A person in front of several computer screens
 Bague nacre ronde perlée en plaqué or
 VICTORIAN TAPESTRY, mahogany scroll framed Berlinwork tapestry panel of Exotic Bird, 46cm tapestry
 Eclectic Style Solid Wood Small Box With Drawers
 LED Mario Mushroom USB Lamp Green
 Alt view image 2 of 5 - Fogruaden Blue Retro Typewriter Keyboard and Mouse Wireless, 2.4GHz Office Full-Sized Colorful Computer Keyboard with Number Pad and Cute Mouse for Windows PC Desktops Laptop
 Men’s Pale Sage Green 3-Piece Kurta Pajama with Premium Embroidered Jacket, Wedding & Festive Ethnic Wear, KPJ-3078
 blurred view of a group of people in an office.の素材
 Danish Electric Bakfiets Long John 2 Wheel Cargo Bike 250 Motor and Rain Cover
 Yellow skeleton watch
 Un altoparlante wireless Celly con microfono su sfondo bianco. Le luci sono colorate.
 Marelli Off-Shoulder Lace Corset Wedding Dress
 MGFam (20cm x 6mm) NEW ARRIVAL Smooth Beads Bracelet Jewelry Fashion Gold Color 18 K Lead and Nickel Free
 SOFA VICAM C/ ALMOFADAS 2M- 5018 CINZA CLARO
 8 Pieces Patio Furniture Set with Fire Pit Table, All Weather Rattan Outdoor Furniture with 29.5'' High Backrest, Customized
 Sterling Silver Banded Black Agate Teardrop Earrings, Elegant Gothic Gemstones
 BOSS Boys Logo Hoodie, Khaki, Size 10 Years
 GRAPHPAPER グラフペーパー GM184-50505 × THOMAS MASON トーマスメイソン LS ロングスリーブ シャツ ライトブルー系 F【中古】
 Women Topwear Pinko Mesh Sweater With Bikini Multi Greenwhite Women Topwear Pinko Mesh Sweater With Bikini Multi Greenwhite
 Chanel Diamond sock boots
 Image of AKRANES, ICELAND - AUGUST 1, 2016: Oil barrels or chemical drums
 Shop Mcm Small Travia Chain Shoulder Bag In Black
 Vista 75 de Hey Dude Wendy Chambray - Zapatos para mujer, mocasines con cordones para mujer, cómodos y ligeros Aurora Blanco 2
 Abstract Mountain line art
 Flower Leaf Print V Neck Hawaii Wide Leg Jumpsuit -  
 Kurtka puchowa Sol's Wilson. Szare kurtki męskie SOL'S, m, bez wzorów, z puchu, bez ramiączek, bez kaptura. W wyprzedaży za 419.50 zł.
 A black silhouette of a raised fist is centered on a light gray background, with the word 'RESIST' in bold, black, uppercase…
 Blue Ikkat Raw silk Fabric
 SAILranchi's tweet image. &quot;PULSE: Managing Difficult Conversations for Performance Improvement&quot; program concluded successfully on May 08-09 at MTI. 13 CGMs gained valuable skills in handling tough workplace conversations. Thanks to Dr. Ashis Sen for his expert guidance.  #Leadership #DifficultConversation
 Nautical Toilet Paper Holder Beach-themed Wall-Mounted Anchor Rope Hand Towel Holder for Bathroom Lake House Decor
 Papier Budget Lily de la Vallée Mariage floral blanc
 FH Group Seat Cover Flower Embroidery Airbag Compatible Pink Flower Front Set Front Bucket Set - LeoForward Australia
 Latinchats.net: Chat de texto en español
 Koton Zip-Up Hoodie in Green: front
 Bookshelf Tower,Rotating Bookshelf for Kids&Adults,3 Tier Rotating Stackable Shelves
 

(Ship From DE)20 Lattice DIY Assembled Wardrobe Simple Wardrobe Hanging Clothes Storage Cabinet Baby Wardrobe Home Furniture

## Task goal
Return exactly the lines from the beginning of the data above through the one containing "Eclectic Style Solid", please. Include both end lines and add nothing else.

## Task answer
A person in front of several computer screens
 Bague nacre ronde perlée en plaqué or
 VICTORIAN TAPESTRY, mahogany scroll framed Berlinwork tapestry panel of Exotic Bird, 46cm tapestry
 Eclectic Style Solid Wood Small Box With Drawers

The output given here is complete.